Jornalista Andrade Junior

segunda-feira, 30 de abril de 2018

A pobreza do debate -

WILLIAM WAACK ESTADÃO

Assim como a prisão do ex-presidente Lula, Aécio Neves agora réu no Supremo Tribunal Federal é um acontecimento político de importância muito maior do que o destino reservado ao agente político, ao indivíduo. O episódio do senador tucano que passou de quase presidente para candidato a presidiário oferece uma boa leitura do momento político brasileiro.

Não estou falando aqui de quem está dentro da Lava Jato nem das consequências para as diversas agremiações políticas e como se movimentam visando às próximas eleições.

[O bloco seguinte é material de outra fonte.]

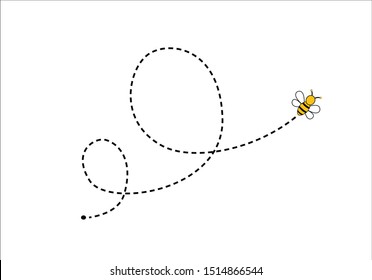 bee  dotted route hand drawn vector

O caso Aécio virou uma bem acabada expressão do que é a falência política brasileira.

Pois quatro dos cinco ministros que aceitaram a denúncia apresentada pela Procuradoria-Geral da República (PGR) tornaram o senador réu por obstrução da Justiça (além de corrupção passiva), isto é, por tentar atrapalhar a Operação Lava Jato. Aécio teria praticado esse crime, segundo a acusação, utilizando-se da sua atividade como parlamentar para discutir, entre outras coisas, projetos de lei como o que previa punição a agentes públicos por abuso de autoridade.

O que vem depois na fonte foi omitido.